Exercise description: Could you give back exactly the lines below from the one with "BetSoft Dragon and Phoenix Slot Symbols" through the one with "Bitcoin Price vs Crypto Fear Greed", without a single picture?

Records provided:
=== Section Start ===

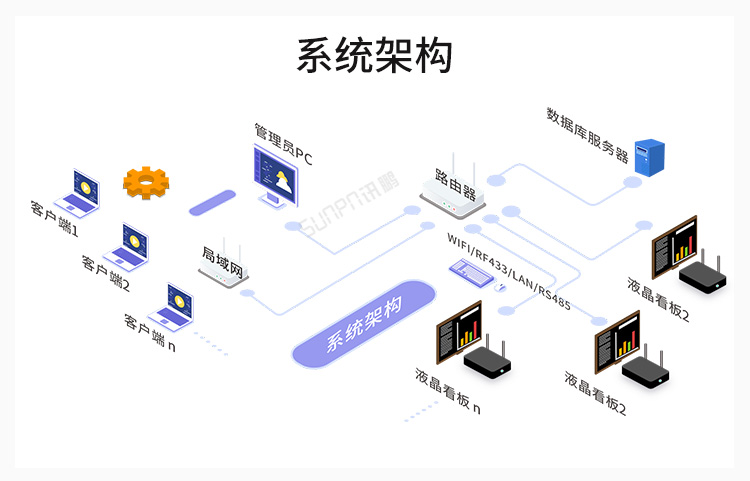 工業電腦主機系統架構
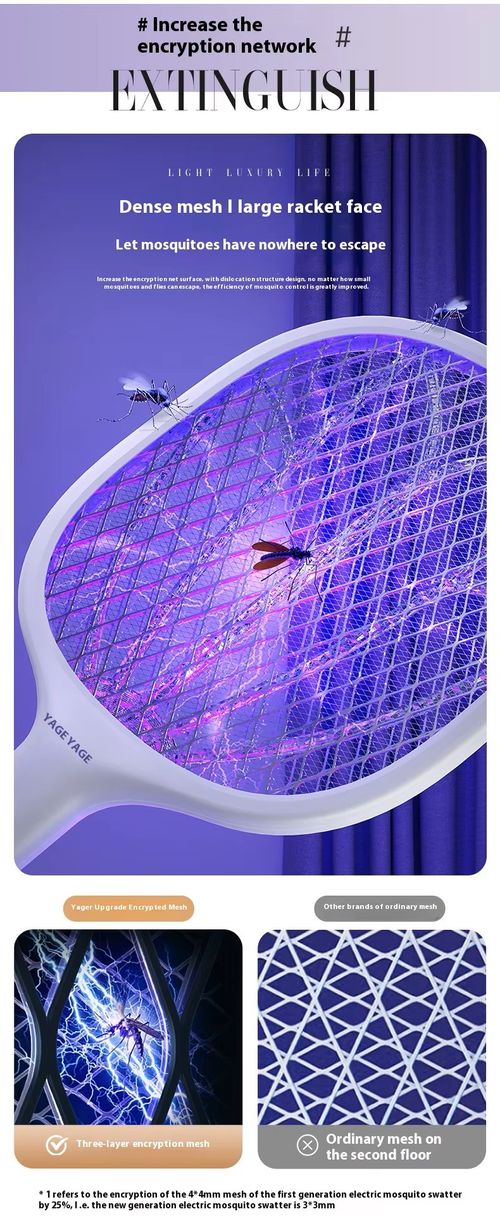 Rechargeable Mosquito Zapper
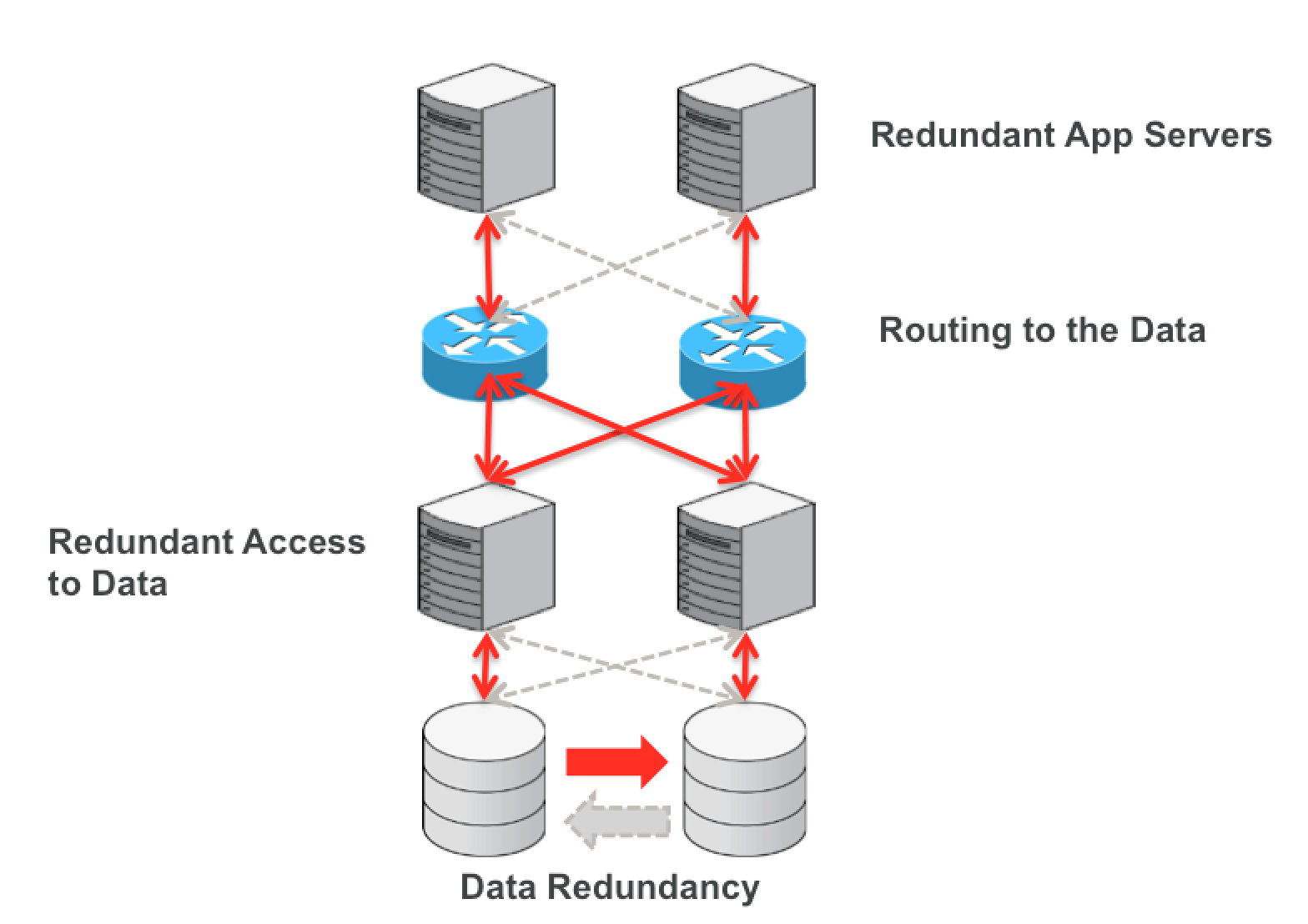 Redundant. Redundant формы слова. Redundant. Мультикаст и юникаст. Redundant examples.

=== Section End ===
=== Section Start ===

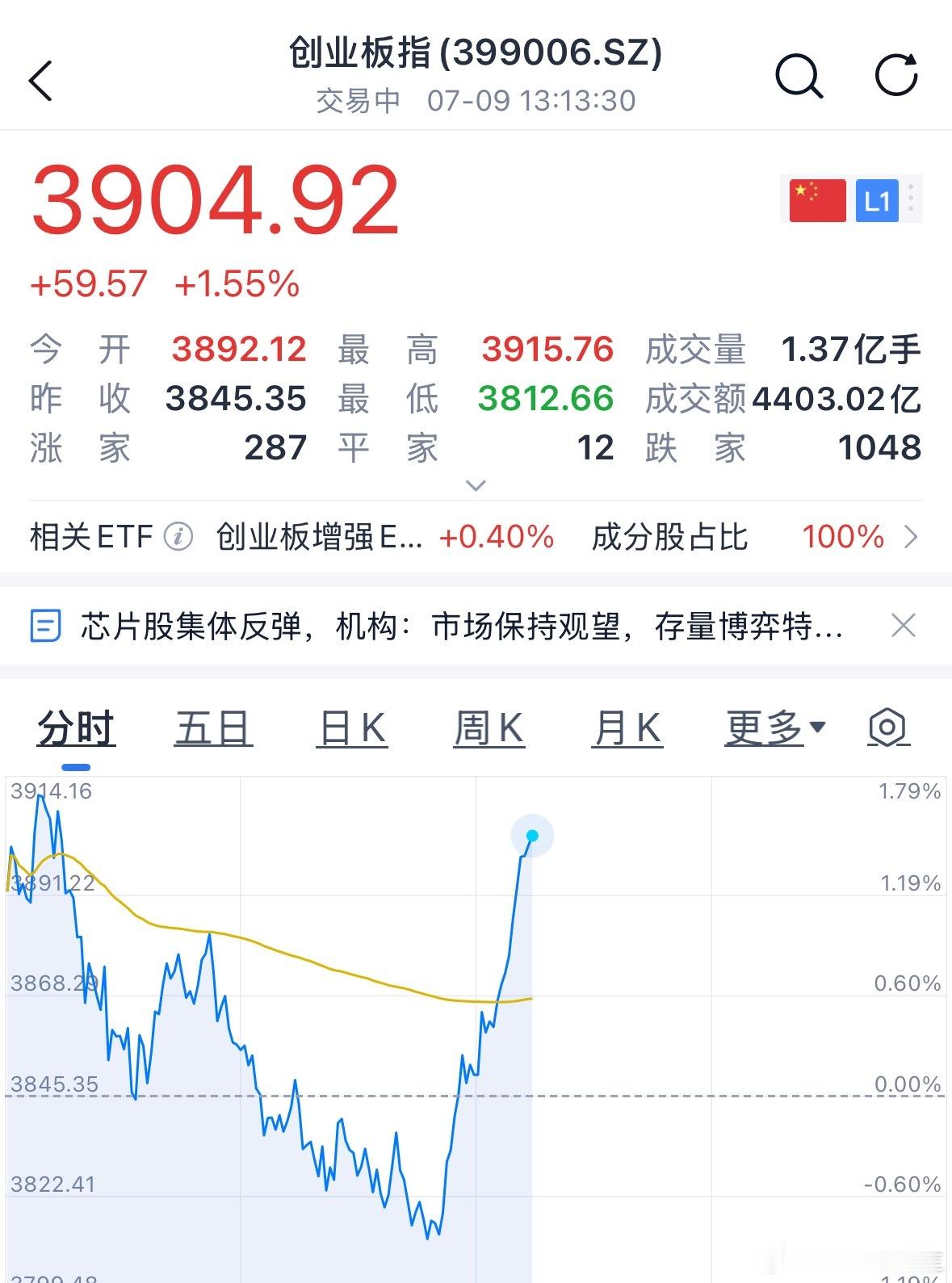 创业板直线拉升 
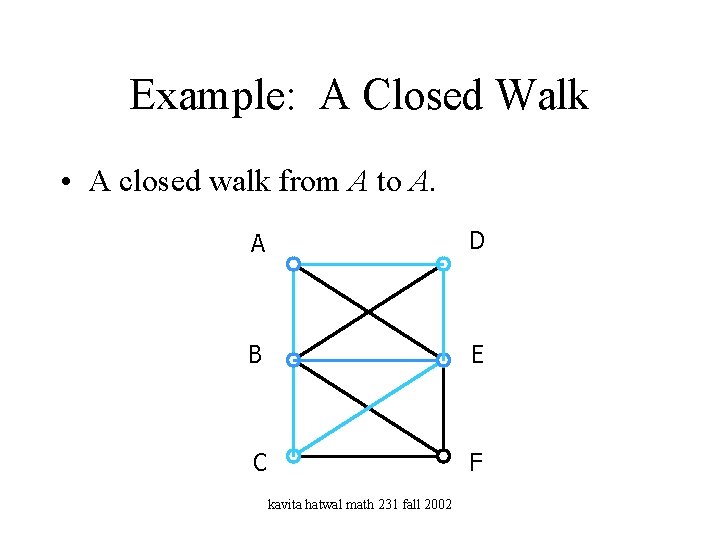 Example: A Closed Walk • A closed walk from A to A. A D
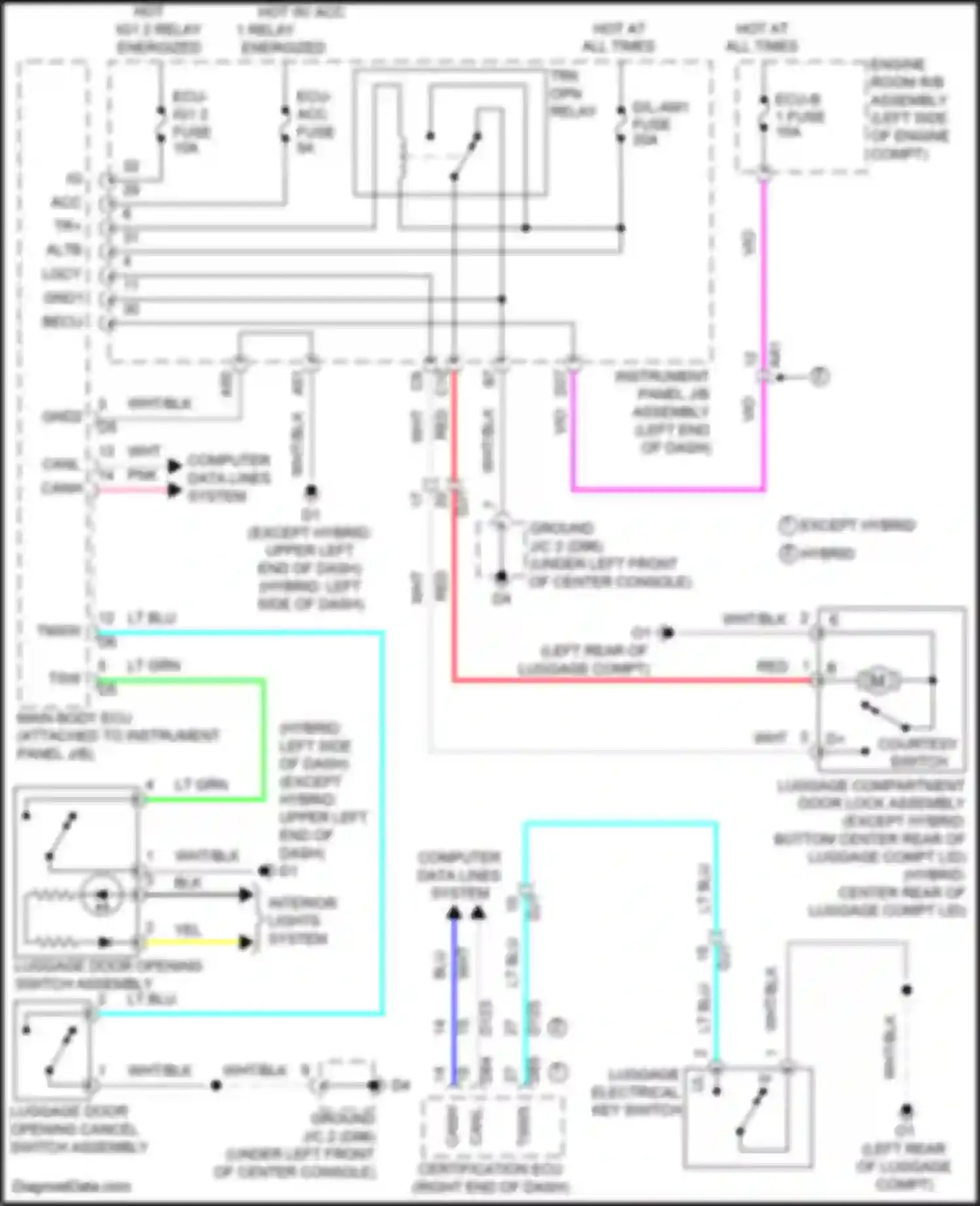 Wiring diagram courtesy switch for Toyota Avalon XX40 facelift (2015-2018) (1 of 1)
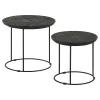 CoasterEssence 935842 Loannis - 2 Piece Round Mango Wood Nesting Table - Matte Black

=== Section End ===
=== Section Start ===

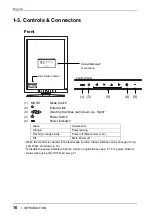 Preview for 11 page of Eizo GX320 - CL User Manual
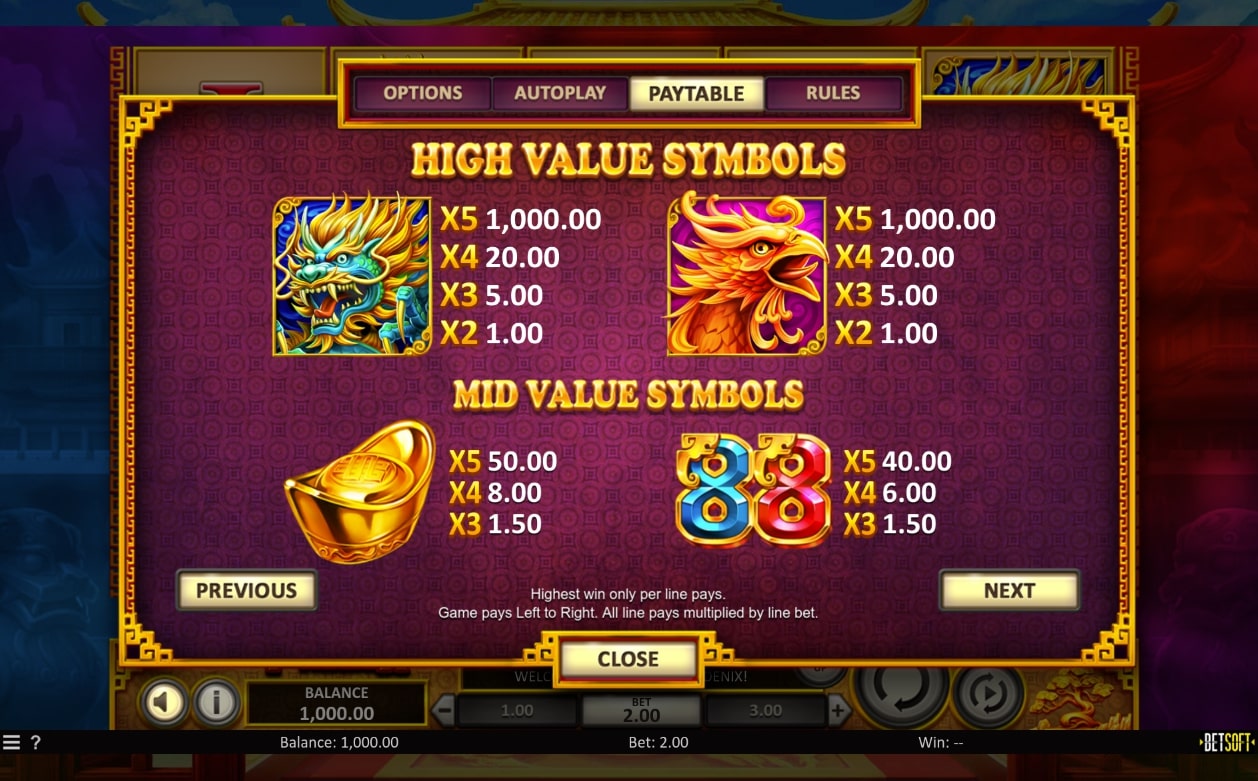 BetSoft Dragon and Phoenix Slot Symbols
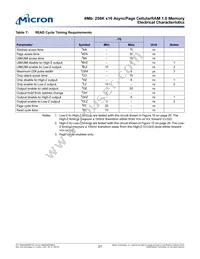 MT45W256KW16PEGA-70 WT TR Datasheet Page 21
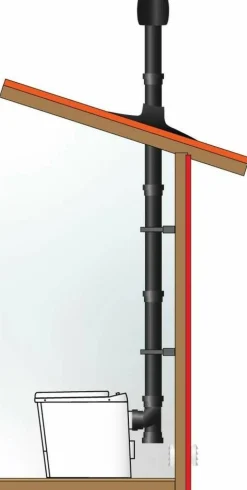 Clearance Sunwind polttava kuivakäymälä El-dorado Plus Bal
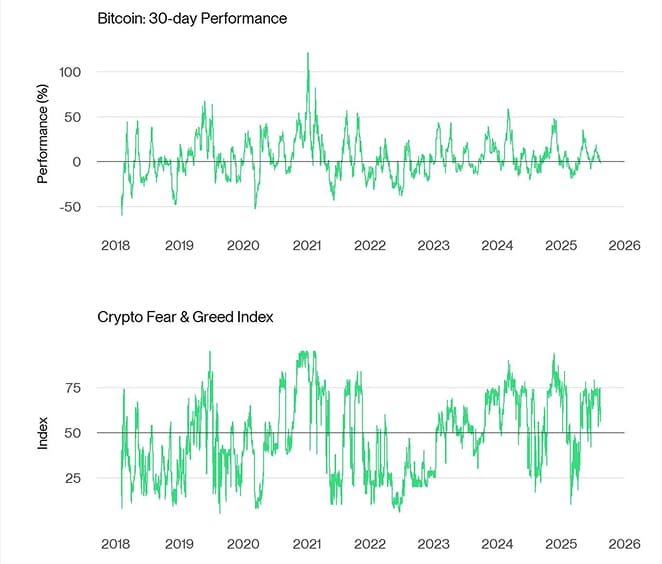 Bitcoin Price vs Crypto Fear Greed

=== Section End ===

Answer to this problem:
 BetSoft Dragon and Phoenix Slot Symbols
 MT45W256KW16PEGA-70 WT TR Datasheet Page 21
 Clearance Sunwind polttava kuivakäymälä El-dorado Plus Bal
 Bitcoin Price vs Crypto Fear Greed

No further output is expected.